No Support Trefoil Knot – Mathematical Sculpture

Simple equations. Complex beauty.

This model is a true trefoil knot, generated directly from parametric equations and transformed into a smooth, continuous 3D form. Built from simple harmonic functions, the curve weaves through space and forms one of the most elegant and recognizable knots in mathematics.

Designed as a print-in-place model, this knot showcases the elegance of mathematics while being fully functional as a display piece, desk sculpture, or conversation starter.

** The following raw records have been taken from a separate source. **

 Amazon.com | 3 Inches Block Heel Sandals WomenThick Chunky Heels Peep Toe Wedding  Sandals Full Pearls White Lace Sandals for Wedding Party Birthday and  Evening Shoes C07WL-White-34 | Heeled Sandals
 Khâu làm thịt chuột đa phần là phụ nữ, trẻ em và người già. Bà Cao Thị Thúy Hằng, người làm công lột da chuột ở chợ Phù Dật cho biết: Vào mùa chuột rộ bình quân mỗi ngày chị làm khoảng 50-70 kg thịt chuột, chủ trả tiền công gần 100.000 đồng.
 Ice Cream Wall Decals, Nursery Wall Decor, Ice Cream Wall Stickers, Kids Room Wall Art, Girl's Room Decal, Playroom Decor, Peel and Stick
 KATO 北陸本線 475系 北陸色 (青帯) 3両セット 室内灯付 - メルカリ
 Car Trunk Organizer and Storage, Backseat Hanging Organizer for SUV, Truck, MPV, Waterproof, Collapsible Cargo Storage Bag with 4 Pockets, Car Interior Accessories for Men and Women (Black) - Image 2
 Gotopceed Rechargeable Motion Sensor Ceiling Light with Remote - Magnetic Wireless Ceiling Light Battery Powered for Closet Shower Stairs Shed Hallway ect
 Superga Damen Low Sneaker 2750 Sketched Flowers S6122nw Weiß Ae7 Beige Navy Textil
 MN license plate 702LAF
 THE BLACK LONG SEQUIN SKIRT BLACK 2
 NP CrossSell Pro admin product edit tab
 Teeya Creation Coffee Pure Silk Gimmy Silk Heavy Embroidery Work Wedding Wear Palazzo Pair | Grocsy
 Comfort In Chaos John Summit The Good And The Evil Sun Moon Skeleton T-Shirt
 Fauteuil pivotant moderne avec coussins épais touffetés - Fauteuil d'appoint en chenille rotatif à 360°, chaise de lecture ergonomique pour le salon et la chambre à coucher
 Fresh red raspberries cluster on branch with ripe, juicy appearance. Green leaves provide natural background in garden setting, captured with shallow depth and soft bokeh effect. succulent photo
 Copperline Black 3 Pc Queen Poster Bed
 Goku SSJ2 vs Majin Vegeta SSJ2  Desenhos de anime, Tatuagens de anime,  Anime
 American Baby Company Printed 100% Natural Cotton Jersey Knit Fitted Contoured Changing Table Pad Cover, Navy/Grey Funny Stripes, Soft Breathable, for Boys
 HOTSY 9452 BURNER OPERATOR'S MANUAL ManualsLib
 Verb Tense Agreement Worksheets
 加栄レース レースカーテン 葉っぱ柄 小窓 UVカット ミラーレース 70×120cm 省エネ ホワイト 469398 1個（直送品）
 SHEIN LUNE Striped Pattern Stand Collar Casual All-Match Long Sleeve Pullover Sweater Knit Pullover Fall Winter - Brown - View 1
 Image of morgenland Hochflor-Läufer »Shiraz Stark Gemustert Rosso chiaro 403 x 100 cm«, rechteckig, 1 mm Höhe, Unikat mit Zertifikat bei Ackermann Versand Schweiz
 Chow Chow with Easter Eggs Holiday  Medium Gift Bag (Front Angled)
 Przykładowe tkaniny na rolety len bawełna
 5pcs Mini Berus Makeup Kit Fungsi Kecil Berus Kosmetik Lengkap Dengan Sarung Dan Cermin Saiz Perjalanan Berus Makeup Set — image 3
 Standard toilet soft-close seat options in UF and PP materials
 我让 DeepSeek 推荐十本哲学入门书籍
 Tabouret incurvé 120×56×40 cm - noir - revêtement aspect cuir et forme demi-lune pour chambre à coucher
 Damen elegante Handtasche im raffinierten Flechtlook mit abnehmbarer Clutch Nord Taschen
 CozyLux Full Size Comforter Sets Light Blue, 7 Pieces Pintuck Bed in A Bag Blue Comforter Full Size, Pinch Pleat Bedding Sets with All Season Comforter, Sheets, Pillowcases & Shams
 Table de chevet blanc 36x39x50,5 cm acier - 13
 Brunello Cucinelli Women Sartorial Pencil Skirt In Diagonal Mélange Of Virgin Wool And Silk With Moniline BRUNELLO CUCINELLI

📐 The Formula Behind the Shape

x(t) = sin(t) + 2sin(2t)
y(t) = cos(t) − 2cos(2t)
z(t) = −sin(3t)

for 0 ≤ t ≤ 2π

✨ Features

• Mathematically accurate trefoil knot
• Smooth, continuous geometry
• Uniform thickness for strength and clean printing
• Visually striking from every angle
• Clean, efficient design

🖨️ Print Notes

• No supports required
• No brim required
• Prints clean with standard settings
• Model is scaled for easy printing but can be resized

💡 Use Cases

• Desk sculpture / conversation piece
• Educational model (math, topology)
• Unique gift
• Clean showcase print

🧠 Final Thought

A simple set of sine and cosine functions, when combined in just the right way, produces a structure that loops, twists, and ties itself into a perfect knot — a beautiful example of how mathematics turns simplicity into complexity.